For Mrs Jarrett, the Voice offers an opportunity for Australians to embrace First Nations people.
"It's either you want us to be part of our country, or you don't. It's a simply yes or no," she said, adding that for those who had been granted citizenship, this should be a conscience vote.
But she acknowledged friends and family were voting no, and she was mindful and respectful of their choice, understanding why Indigenous people made that decision.
Mrs Jarrett thanked Prime Minister Anthony Albanese for bringing the matter to the table.
The referendum, if successful, will see the establishment of a permanent body comprising members chosen by Aboriginal and Torres Strait Islander communities, which will give independent advice to parliament and the government on issues and policy affecting Indigenous people.
Yuin Elder, Uncle Gee Brown
"A lot of people are still unsure about it, but I look at what we've got and what we don't have in our Aboriginal community, I feel we should vote yes for that, so we can get something out of it," Uncle Gee said.

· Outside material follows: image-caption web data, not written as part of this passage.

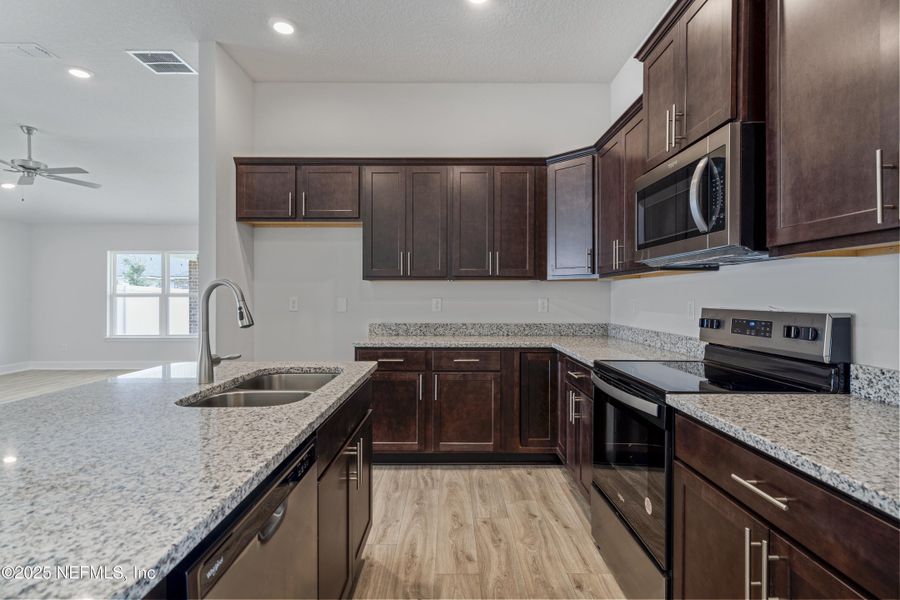 Furnished interior view inside a new home in Shadow Crest at Rolling Hills, Green Cove Springs (Image 4). Furnished interior view inside a new home in Shadow Crest at Rolling Hills, Green Cove Springs (Image 4).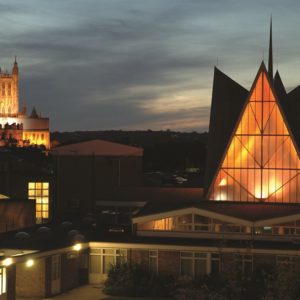 Canterbury Campus by night - the Chapel with Canterbury Cathedral in the distance.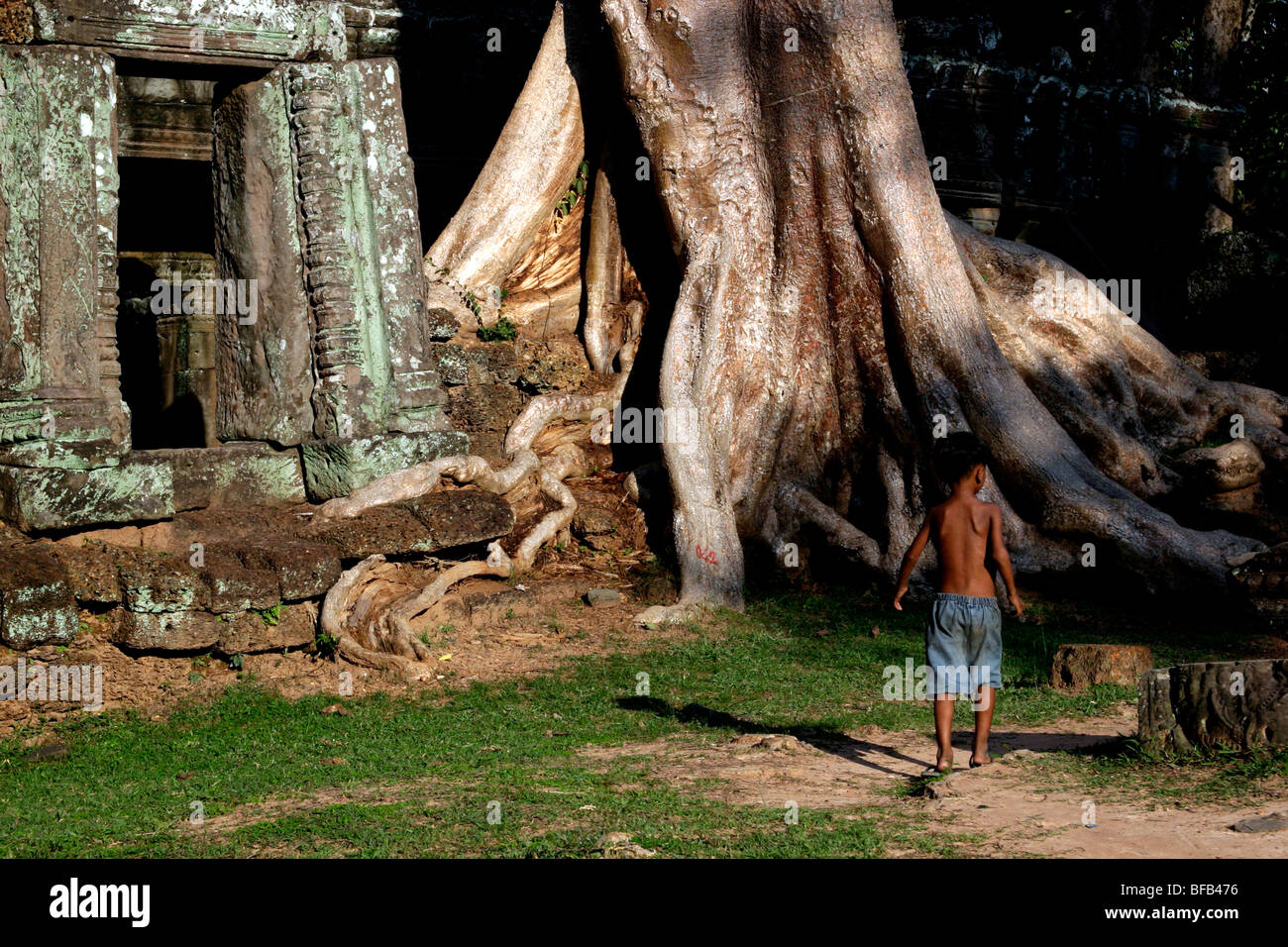 Boy walking past a ruined temple, Angkor Wat, Cambodia Stock Photo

"People are running around saying we should be voting for a treaty; a treaty's got to come after this one, it's the only way we can do it."
Wiradjuri man Jesse Lowe
"I'll be voting yes... I've spoken with elders, I've spoken with different people and it's been a tricky one, I've been back and forth myself," Mr Lowe said.
"But at the end of the day I feel moving forward as a mob and as a community, across all of Australia... I feel like we can all come together and live in harmony, and having a Voice can't be that bad.
"I feel like it's one step further to all coming to a place together."